Information provided:
====
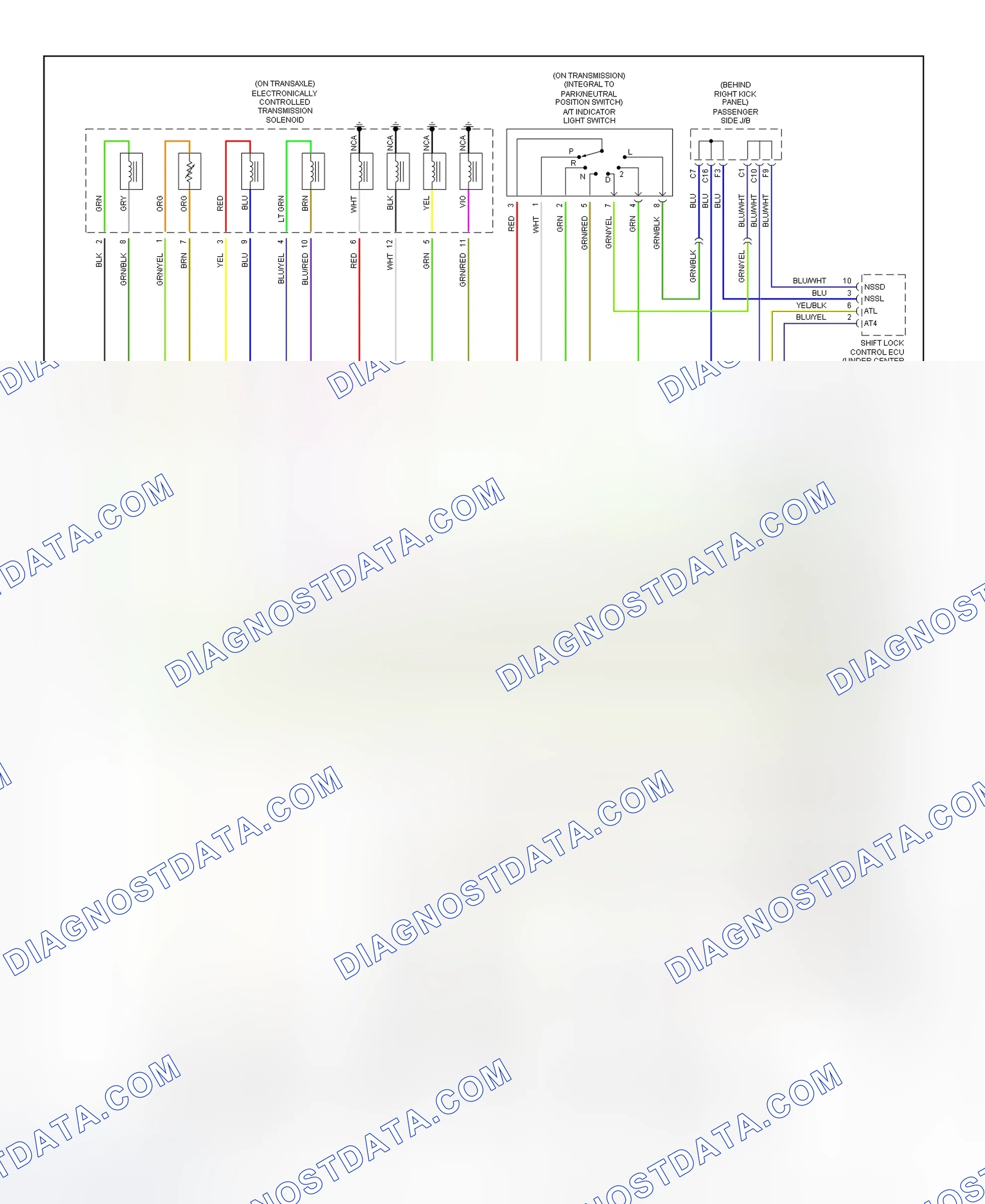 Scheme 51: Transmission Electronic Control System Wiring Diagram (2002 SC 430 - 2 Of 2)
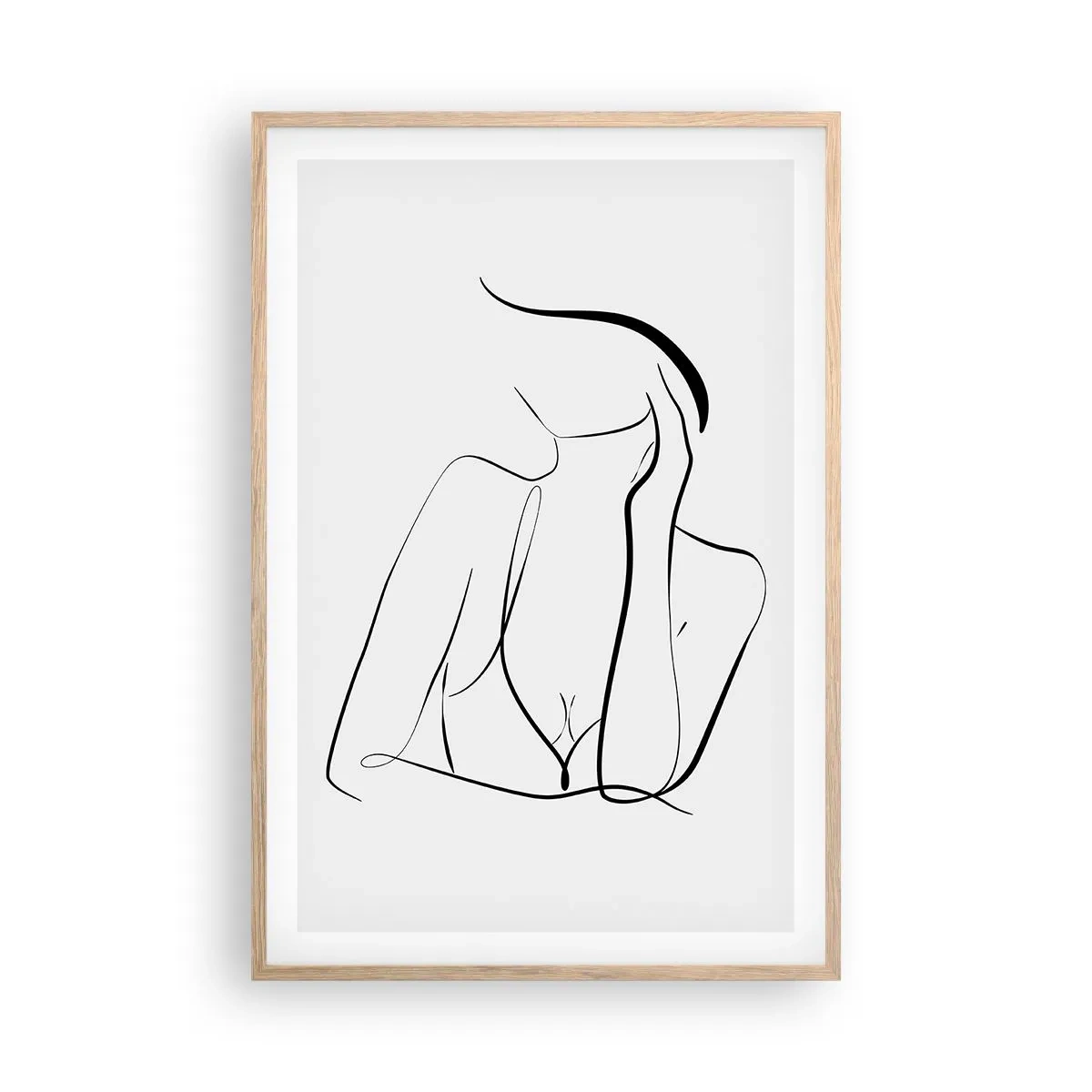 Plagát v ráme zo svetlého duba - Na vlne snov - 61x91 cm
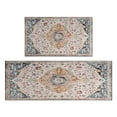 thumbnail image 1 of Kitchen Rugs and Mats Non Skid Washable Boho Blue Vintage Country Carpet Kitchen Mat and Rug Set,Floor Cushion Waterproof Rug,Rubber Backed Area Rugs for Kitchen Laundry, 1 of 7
====
What is being asked:
With the pictures omitted, the material is to be transcribed exactly.

Answer area:
 Scheme 51: Transmission Electronic Control System Wiring Diagram (2002 SC 430 - 2 Of 2)
 Plagát v ráme zo svetlého duba - Na vlne snov - 61x91 cm
 thumbnail image 1 of Kitchen Rugs and Mats Non Skid Washable Boho Blue Vintage Country Carpet Kitchen Mat and Rug Set,Floor Cushion Waterproof Rug,Rubber Backed Area Rugs for Kitchen Laundry, 1 of 7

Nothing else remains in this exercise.